WHAT NEEDS TO BE DONE — Find "Кронштейн двигателя Hyundai" below and begin at its line; stop after the line with "TOYOTA HİLUX YEDEK SU BİDONU -X14042025-1954". Output those lines exactly, without pictures.

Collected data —

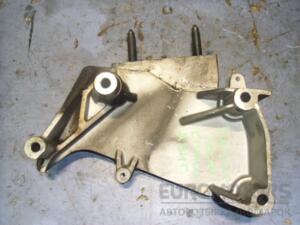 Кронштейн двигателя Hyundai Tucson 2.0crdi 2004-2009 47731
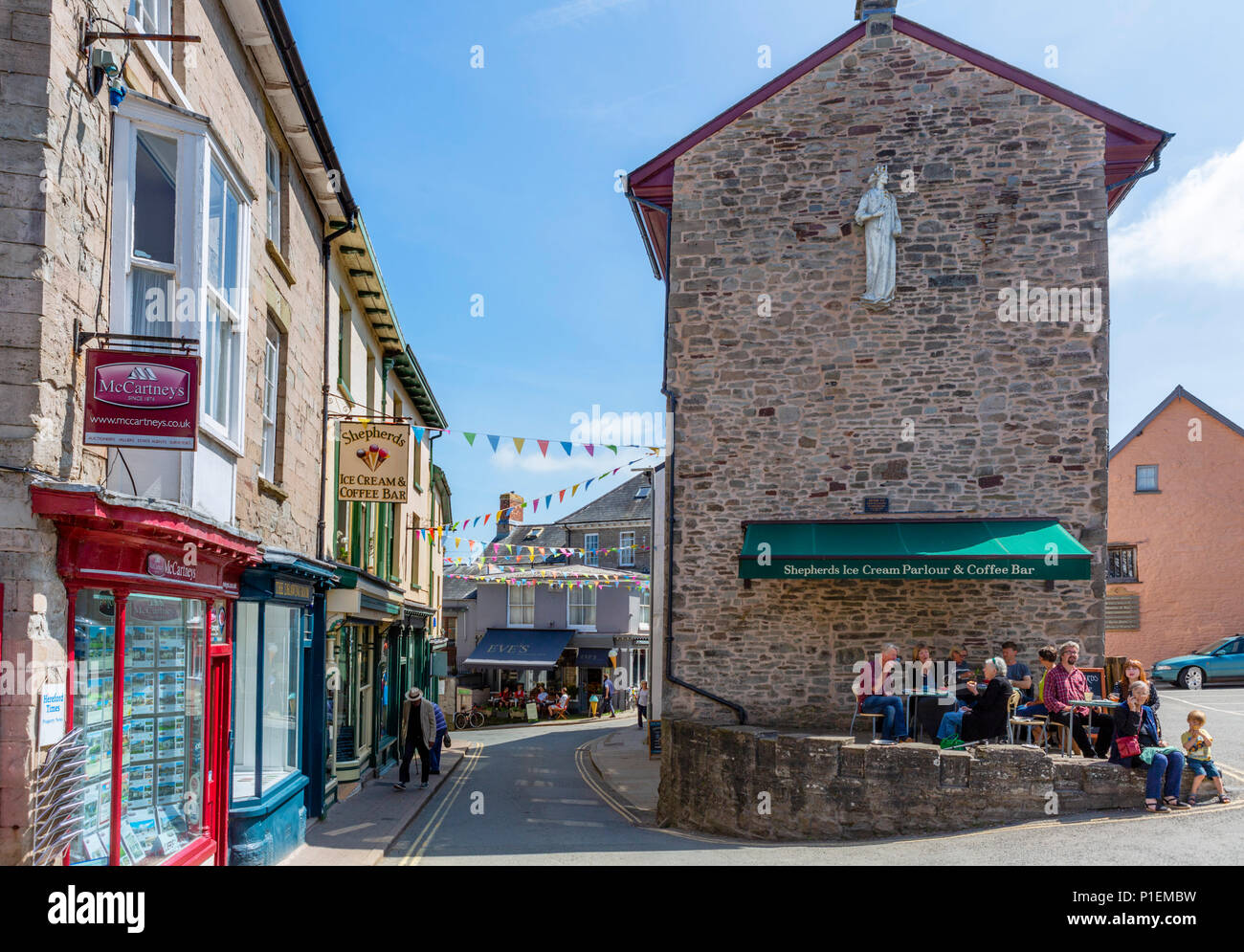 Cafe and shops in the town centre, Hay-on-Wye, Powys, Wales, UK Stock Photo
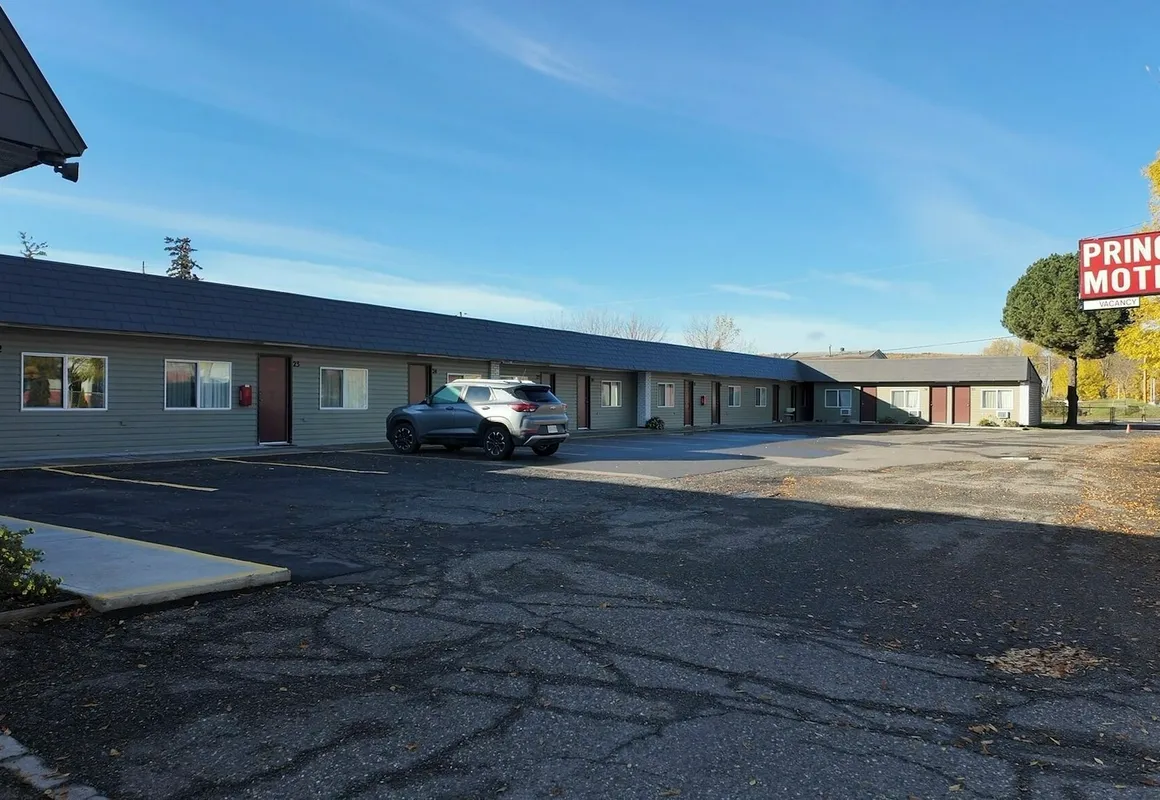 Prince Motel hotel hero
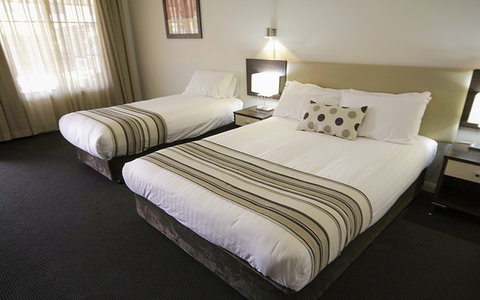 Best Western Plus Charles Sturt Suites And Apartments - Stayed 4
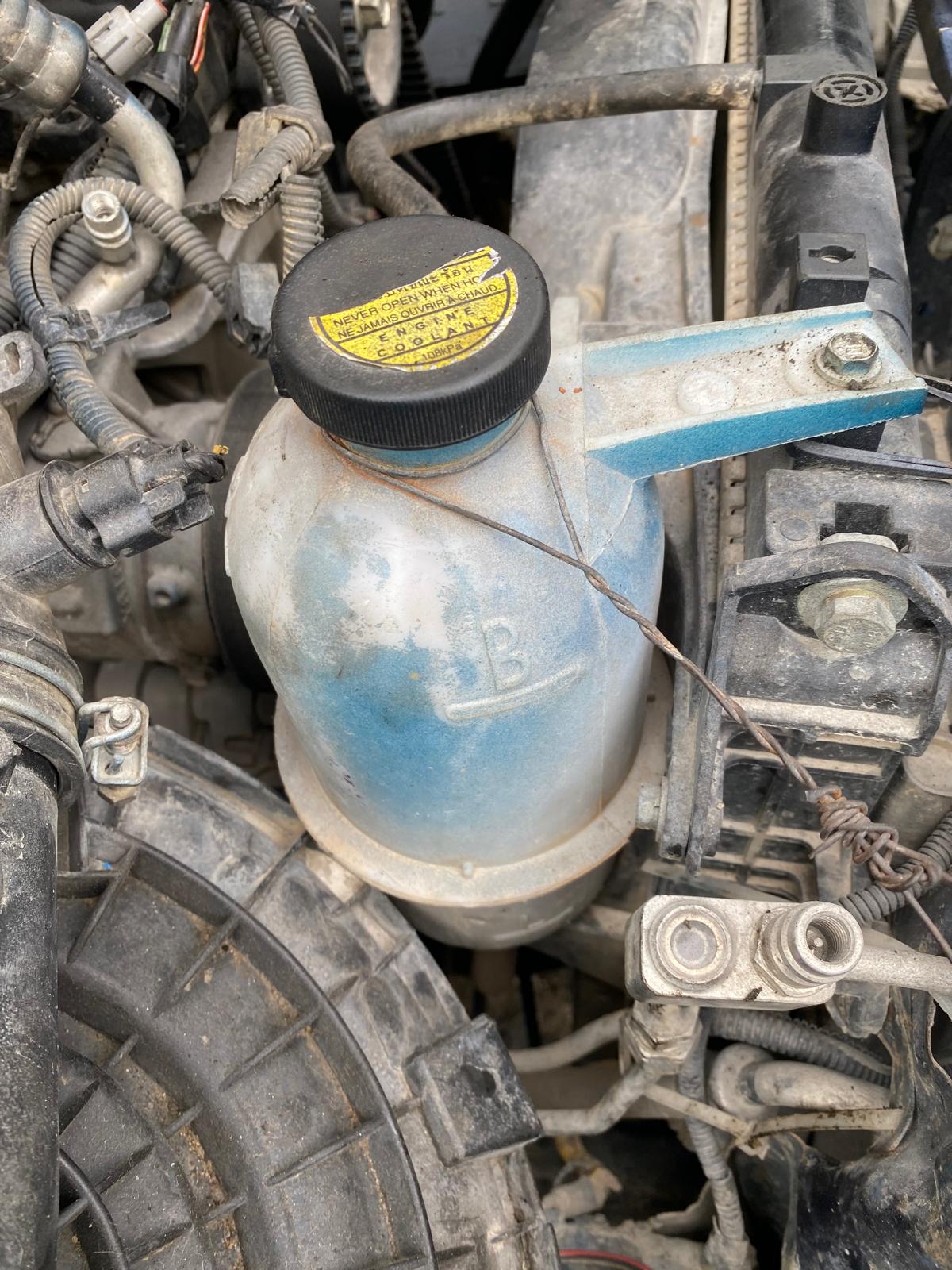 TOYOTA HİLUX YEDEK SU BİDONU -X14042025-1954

---

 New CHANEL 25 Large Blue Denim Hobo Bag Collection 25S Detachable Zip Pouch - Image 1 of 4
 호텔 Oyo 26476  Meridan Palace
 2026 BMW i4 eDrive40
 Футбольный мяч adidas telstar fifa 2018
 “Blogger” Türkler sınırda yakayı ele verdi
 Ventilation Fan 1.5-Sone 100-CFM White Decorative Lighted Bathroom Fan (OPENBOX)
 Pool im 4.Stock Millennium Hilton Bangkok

SOLUTION TO THE PROBLEM —
 Кронштейн двигателя Hyundai Tucson 2.0crdi 2004-2009 47731
 Cafe and shops in the town centre, Hay-on-Wye, Powys, Wales, UK Stock Photo
 Prince Motel hotel hero
 Best Western Plus Charles Sturt Suites And Apartments - Stayed 4
 TOYOTA HİLUX YEDEK SU BİDONU -X14042025-1954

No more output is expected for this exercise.